If you want me to investigate "outside of scenery" performance improvements, the lowest cost option would be to investigate rendering the molecules/sandwiches directly Canvas. I'd probably know in 3-4 hours if that was going to be significantly faster. It is certain to be more complicated and less maintainable. But we've used that approach successfully in other sims that show large collections of objects (Acid-Base Solutions, Beer's Law Lab, pH Scale,...)

pixelzoom commented 9 years ago

@ariel-phet said via email:

Just looked on iPad 3, and unfortunately the delay between challenges is a bit too slow. It is close to be acceptable but definitely falling on the side of "not up to snuff"... Definitely worth trying canvas.

samreid commented 9 years ago

Just a quick point. May be better to try to understand where the time is being spent before jumping in and trying canvas (unless you are already pretty sure that would solve it).

pixelzoom commented 9 years ago

Agreed. But I'm fairly certain that the time is spent changing the scene graph, because the model is trivial (1 Reaction), and there is very little axon wiring (connections to at most 6 "quantity" properties in the Reaction).

pixelzoom commented 9 years ago

@ycarpenterphet You assigned this back to me, but didn't comment on the options and repercussions that I outlined. So I'm inferring that:

(1) Design changes and waiting for Scenery 0.2 release are not an viable options. (Note that we have not heard a reply from @jonathanolson about Scenery 0.2.)

(2) You would like me to proceed with reimplementing portions of the sim to improve performance.

(3) I should investigate using Canvas as the first option, WebGL second.

(4) You are OK with not meeting the "November/December 2014" publication deadline, and the possibility of a 1-2 month publication delay is acceptable.

Let me know if any of this is incorrect.

ycarpenterphet commented 9 years ago

Sorry, let me clarify.

(1a) Design changes of that magnitude aren't an option. (1b) I talked to @ariel-phet about waiting to hear back on Scenery 0.2, and he suggested that canvas is worth trying regardless.

(2) yes - and as both @ariel-phet and I said, it's very close to acceptable performance, so I don't think we need a huge improvement to the initial load time.

(3) definitely

(4) this deadline isn't solely my call - if initial investigations with Canvas look promising (which you said earlier you said hoped would take 3-4 h to check if that's viable), I think it's worthwhile, but we may want to update @ariel-phet and @kathy-phet on the expected delay in publication.

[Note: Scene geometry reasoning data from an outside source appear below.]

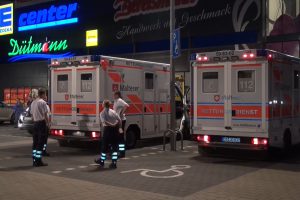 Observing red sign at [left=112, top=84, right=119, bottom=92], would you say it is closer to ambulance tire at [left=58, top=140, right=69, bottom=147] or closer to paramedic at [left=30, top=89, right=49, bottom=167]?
paramedic at [left=30, top=89, right=49, bottom=167]

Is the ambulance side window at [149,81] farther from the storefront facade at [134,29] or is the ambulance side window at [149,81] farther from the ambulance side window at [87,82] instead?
the storefront facade at [134,29]

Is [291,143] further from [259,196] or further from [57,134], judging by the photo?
[57,134]

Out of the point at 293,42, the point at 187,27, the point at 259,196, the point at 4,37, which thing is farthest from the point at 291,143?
the point at 4,37

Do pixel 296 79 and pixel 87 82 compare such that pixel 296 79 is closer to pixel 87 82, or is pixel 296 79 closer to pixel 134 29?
pixel 87 82

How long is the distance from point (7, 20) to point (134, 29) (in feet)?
46.6

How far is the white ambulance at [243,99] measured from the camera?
39.0 feet

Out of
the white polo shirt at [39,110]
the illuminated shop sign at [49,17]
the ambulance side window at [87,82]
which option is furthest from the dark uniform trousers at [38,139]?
the illuminated shop sign at [49,17]

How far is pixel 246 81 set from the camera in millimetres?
12156

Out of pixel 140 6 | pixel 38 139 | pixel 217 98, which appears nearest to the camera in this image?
pixel 38 139

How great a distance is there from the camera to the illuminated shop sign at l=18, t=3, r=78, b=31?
3219cm

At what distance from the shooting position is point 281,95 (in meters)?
12.6

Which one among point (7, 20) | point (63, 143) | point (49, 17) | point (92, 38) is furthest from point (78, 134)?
point (7, 20)

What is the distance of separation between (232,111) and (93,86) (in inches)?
165

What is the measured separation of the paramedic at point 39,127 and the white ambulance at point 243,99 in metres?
3.99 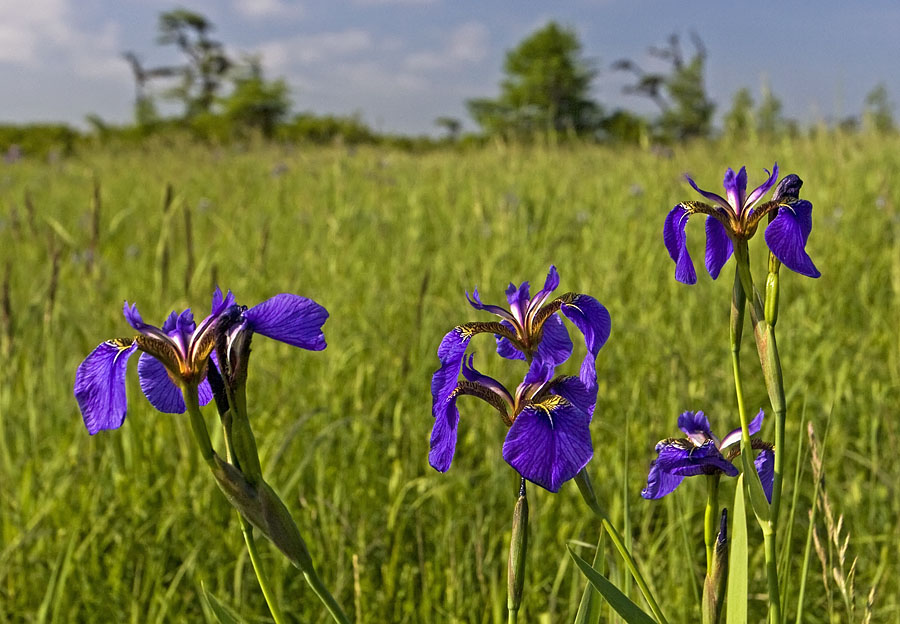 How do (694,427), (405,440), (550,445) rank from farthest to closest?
(405,440)
(694,427)
(550,445)

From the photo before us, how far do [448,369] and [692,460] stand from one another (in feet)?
0.94

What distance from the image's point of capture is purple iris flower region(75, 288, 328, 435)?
0.66m

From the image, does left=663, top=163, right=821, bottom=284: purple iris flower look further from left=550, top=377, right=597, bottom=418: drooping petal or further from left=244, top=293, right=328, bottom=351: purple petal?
left=244, top=293, right=328, bottom=351: purple petal

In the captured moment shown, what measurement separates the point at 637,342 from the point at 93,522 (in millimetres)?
1726

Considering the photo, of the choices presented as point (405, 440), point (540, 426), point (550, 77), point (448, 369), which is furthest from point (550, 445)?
point (550, 77)

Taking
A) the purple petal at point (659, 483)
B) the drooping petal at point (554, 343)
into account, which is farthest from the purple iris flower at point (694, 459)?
the drooping petal at point (554, 343)

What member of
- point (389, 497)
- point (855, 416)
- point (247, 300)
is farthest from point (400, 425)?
point (855, 416)

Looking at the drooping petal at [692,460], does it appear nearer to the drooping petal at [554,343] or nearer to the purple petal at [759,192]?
the drooping petal at [554,343]

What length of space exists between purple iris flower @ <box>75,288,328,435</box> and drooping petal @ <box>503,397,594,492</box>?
0.19 metres

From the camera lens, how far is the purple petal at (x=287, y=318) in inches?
26.0

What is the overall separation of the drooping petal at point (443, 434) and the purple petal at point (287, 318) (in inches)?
4.8

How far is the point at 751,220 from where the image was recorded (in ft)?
2.50

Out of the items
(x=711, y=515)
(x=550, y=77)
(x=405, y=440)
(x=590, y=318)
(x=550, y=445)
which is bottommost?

pixelzoom commented 9 years ago

Notes from 12/16/14 developer Skype call:

CPU profiling shows 17% of time spent in Node.mutate. Created https://github.com/phetsims/scenery/issues/327 to investigate speeding up Node.mutate.

Another big chunk of time is being spent by Scenery creating the stroked shape for the brackets that appear below the Before/After boxes. Since this is a complicated path, I'll attempt to cache these. Their length won't be as custom-tailored to specified reactions, but they will probably look good enough. There are 5 different bracket lengths needed: 2 reactants, 1 product, 2 products, 2 leftovers with 1 product, 2 leftovers with 2 products.

Other paths that could potentially be cached: plus operators, equation arrow, arrow between boxes. These may have little affect on performance, wait until after brackets are cached.

pixelzoom commented 9 years ago

Tracking caching of brackets in http://github.com/phetsims/reactants-products-and-leftovers/issues/24.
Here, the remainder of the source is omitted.